**What the task requires:** Look below for the line containing "Selamica modern-design ceramic", then write out that line and every line after it to the end, exactly, minus the pictures.

**Raw data:**
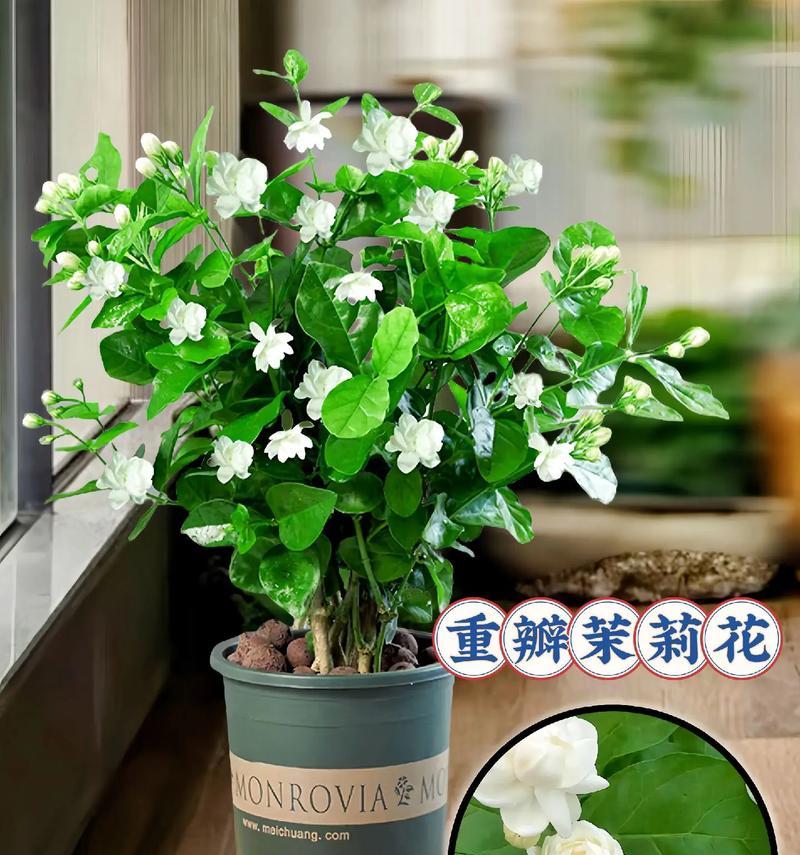 茉莉花的开花时间有多长？如何养护？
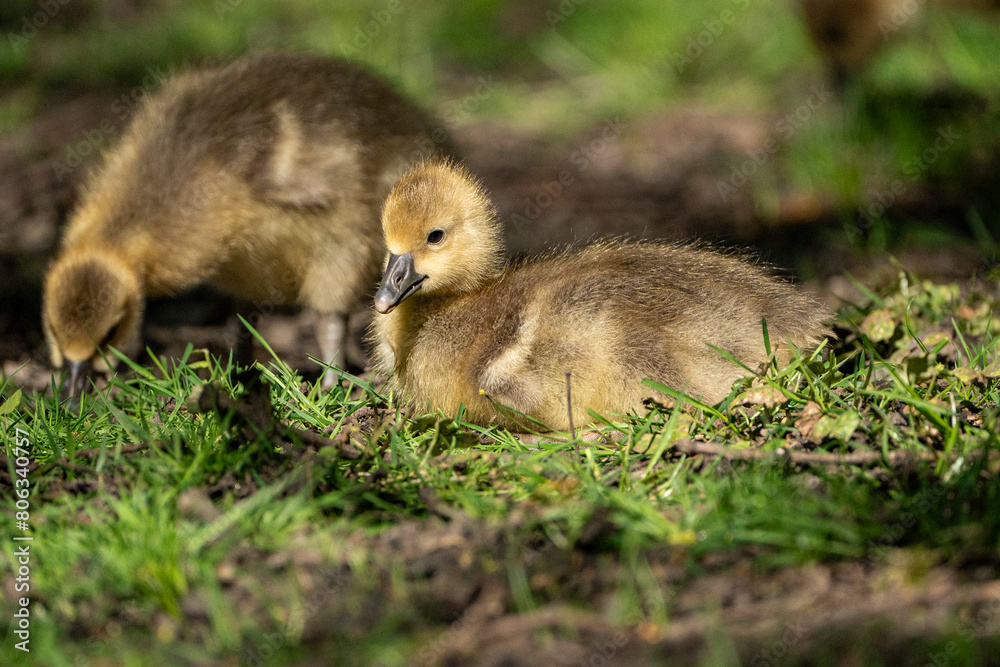 Young babay gray geese run through nature with their parents Young babay gray geese run through nature with their parents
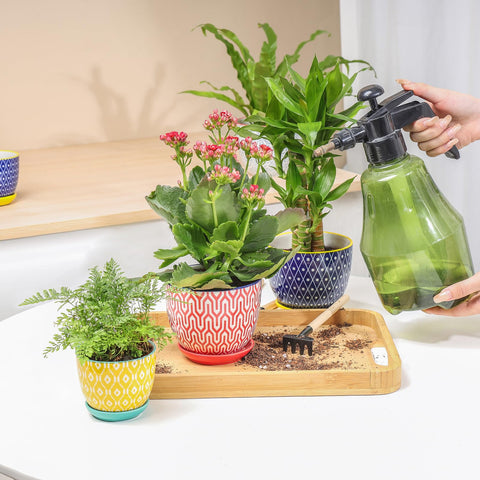 Selamica modern-design ceramic planter complements indoors.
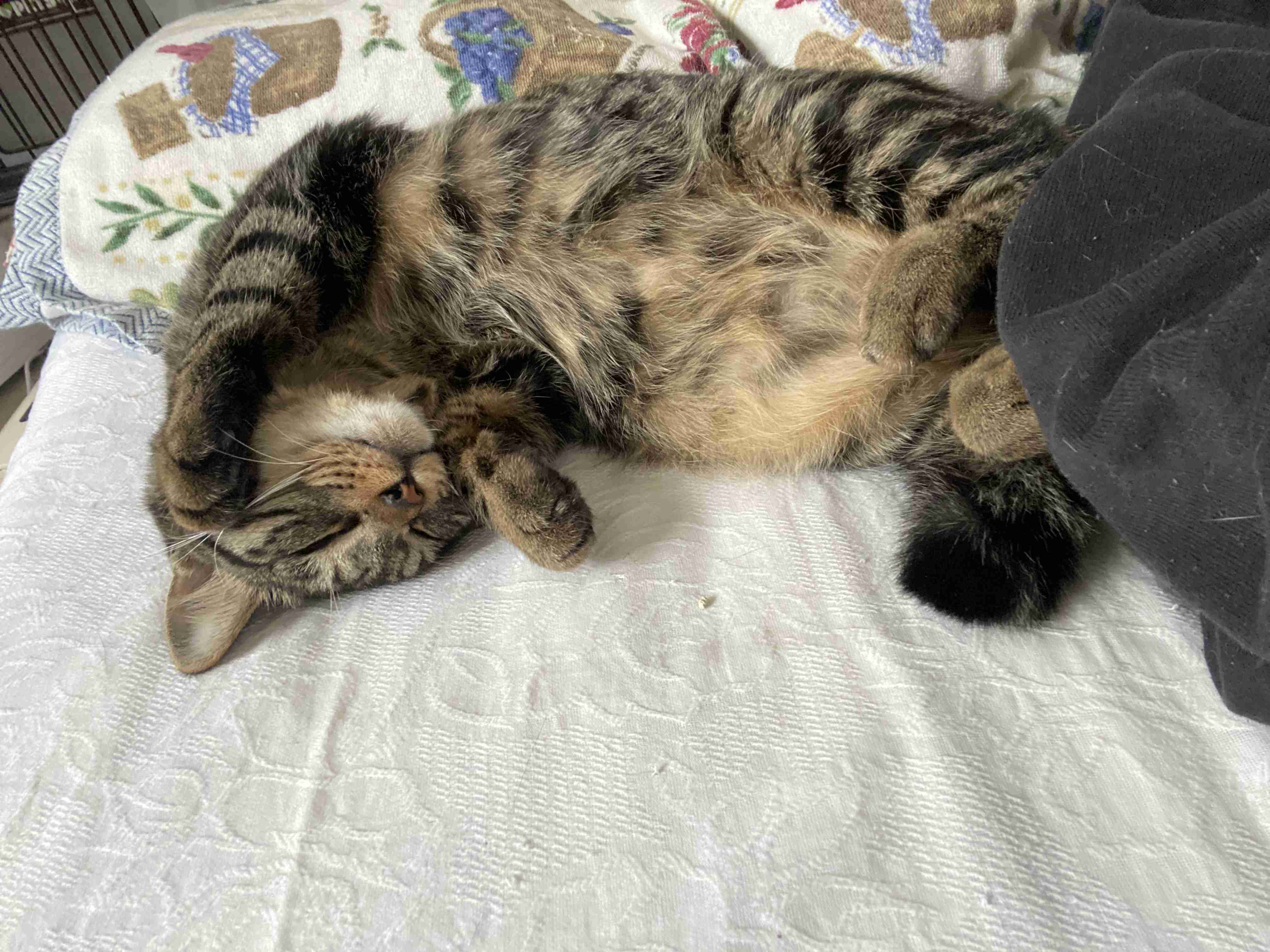 【身バレしない程度に】お宅の愛猫ちゃんを見せてください！part11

**Reply:**
 Selamica modern-design ceramic planter complements indoors.
 【身バレしない程度に】お宅の愛猫ちゃんを見せてください！part11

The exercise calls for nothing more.